In the address bar, you should see your computer's name. In my case, it's "redlaptop".
Double left-click on the USERS folder to open it.
On the next window, you'll be able to see your user account folder from the computer you're connecting to.
Right-click on your account folder.
On the menu that appears, left-click CREATE SHORTCUT.
Windows uses user accounts to keep your files separate from other users of the computer. For more info about the different types of user accounts, and creating accounts click Windows User Accounts
Close any open windows to return to your Desktop.
You should be able to find the Shortcut you just created.
Double left-click it to open it.
When it opens, you'll be able to see the folders that you chose to share on the other computer.
So in my example, I'm working on my desktop machine, but these files/folders are the ones I shared on my laptop.
I can now access, or share, any of the files that are on my laptop from my desktop computer.

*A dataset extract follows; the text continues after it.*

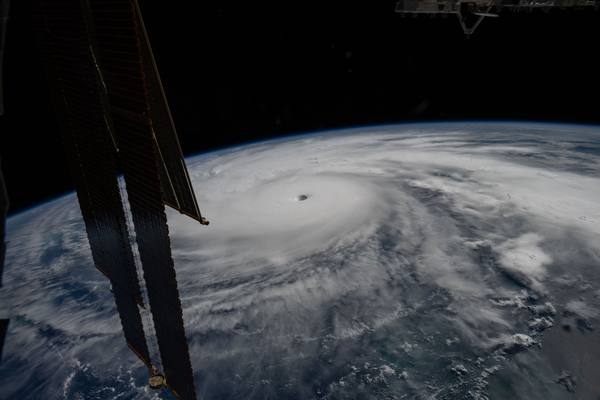 Hurricane Melissa, then a Category 5 storm, photographed from the International Space Station on October 28, 2025, about 50 miles south of Jamaica.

Job done.
All I need to do now is get onto my laptop and repeat the process so that I can access my desktop computer files from my laptop.
file sharing problems.
Trying to set up file sharing between your computers should be easy and straightforward. And following this guide, most of you will breeze it.
But there can be problems, so here are the two most common issues that you might run into.
windows cannot connect access.
This is the first problem you might see. Windows cannot access etc.
Double-check all the settings we've done above. Go through the stages on each computer carefully, making sure you didn't miss anything out.
Make sure the PC you're trying to connect to is turned on and hasn't gone into sleep/hibernation mode. Make sure it's connected to the network.
Double-check the computer name, double-check your typing/spelling.
Try disabling any firewalls on the target computer.
One of these will usually solve the problem.
windows security - enter network credentials.
Sometimes when you're trying to connect to another computer that you've set up file sharing on, you'll get the dreaded Windows Security "Enter Network Credentials" box appear.
What It's asking for is the log on details of the OTHER computer. The one you're trying to connect to.
Not the one you're currently using.
So in my example, I'm working at my desktop computer and trying to connect to my laptop over my network.
When the Enter Network Credentials box shows up.
What I need to enter is the log on details of my laptop. That's the machine I'm trying to connect to.
The log on details are my User Account Name and password if I've set one.
To be clear, it's the user name and password of the computer you're trying to connect to.